Artificial intelligence (AI) is one of the hottest topics in call centers today. Strategic debates regarding its application for customer service, the potential for job disruption and the ethical issues surrounding human work displacement are taking place in boardrooms around the globe. But while AI is still in its early days—primarily in discussion and planning stages—the hype storm surrounding it already has contributed to inflated expectations that far exceed reality, according to Gartner’s Hype Cycle for Emerging Technologies.
AI is the most recent buzzword that technology companies and marketing firms are embracing and infusing into their content and sales pitches as the must-have innovation. And yet, the call center industry is no stranger to this type of frenzied buildup for technology that promises to solve service issues and lower labor costs by replacing agents with software or applications. In the late 1990s, online support was the highly touted successor to call centers. A decade ago, marketers latched onto social media as the shiny, new replacement to call centers. Well, we’re still here!
We’re not buying the hyperbolic sales pitches from technology companies foretelling the end of human interaction in call centers. It is simply irresponsible rhetoric. We don’t believe that R2D2 will replace the human agent anytime soon.
Studies have shown that the average consumer would rather interact with a live agent than a chatbot. A recent Forrester survey found that, if offered a choice, 83% of consumers said they would prefer to speak to a human since human agents better understand their needs (78%) and can address multiple questions at once (57%). The top three problems that consumers reported with bots were that they could not deal with complex requests, deliver personalized offers as well as humans, or understand human emotions.
That being said, it would be unrealistic to dismiss the potential impact of automation in the call center, particularly when AI is combined with robotic process automation (RPA). We believe that call center agents will continue to provide a critical touchpoint in the customer journey and that the technology, over time, will be used to augment human performance in the call center to deliver more efficient, effective and value-added experiences.
Ask six people to define AI, and you’re likely to get six very different answers. Many of the claims, exaggerations and fears around AI stem from differing views on what it is and how it can be applied in the call center.
To understand how AI and RPA can work with human agents to improve service delivery, first let us clarify what we mean when referring to these technologies used in a call center context. The following is what we believe them to be:
RPA can be “unattended” or “attended,” depending on its use.
RPA is comprised of “dumb robots” that require rule-based processes and a set of instructions, after which they will perform the same tasks over and over in the same way, consistently and accurately.
AI, on the other hand, is self-learning and designed to simulate some of the behaviors associated with human intelligence in order to solve complex problems.
As with RPA, there are two types of AI—narrow (or “weak”) AI and general purpose AI.

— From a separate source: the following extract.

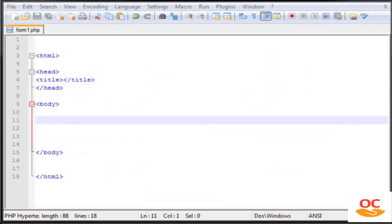Hello guys, welcome to my 19th video tutorial on PHP. In this tutorial I'm going to explain how we use the GET and POST methods to send information with PHP to the database, or from a form to a database. Every time you use a sending method, you have to choose either GET or POST.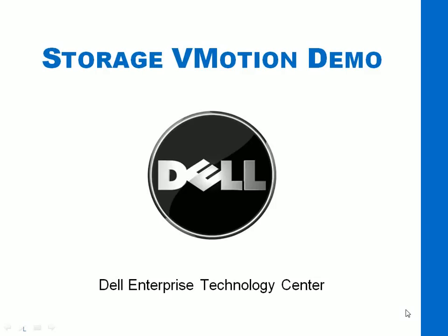Hello, my name is Todd Muirhead with the Dell Enterprise Technology Center. Welcome to the Storage vMotion demo.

Call centers that have large volumes of repetitive processes—such as data entry and migration, invoice processing, loan processing, claims processing, etc.–can increase productivity and efficiency by assigning those tasks to RPA robots. A more significant ROI of RPA, though, may be the impact on staff engagement. One of the top complaints agents have about their job, and a critical factor in the decision to leave, is that they find the work to be too repetitive and boring. Removing tedious tasks frees agents to focus on the more valuable and interesting aspects of the work that require creativity, decision making and interacting with customers.
Combining AI with RPA can provide call centers with an ideal scenario for using automation with machine analysis. For instance:
Despite consumer preference for interacting with human agents, chatbots can be effective in specific situations and can free agents to deal with the more pressing customer issues. A recent study, “2018 State of Chatbots,” revealed that consumers saw the potential benefits of interacting with chatbots when they needed 24-hour service (64%), instant responses (55%) or answers to simple questions (55%).
While the benefits of augmenting human performance with intelligent robots seem appealing, machine learning is still at least two to five years away from mainstream adoption, according to Gartner. Some AI subsets like cognitive computing are up to 10 years away.
RPA adoption, however, has already begun but with limited success. Ernst & Young reports that it has seen 30% to 50% of initial RPA projects fail—but not because of the technology. RPA requires long-term planning, and the process is much more complicated and resource-intensive than many executives had assumed (or technology vendors had acknowledged).
In fact, many early adopters have been putting their RPA projects on hold while they reconsider how bots can be applied as part of a coordinated system, rethink tasks and workflows, put more resources in place to manage the bots, and train employees how to use bots to solve problems. According to McKinsey & Company, the journey from technical automation potential to full adoption is likely to take decades.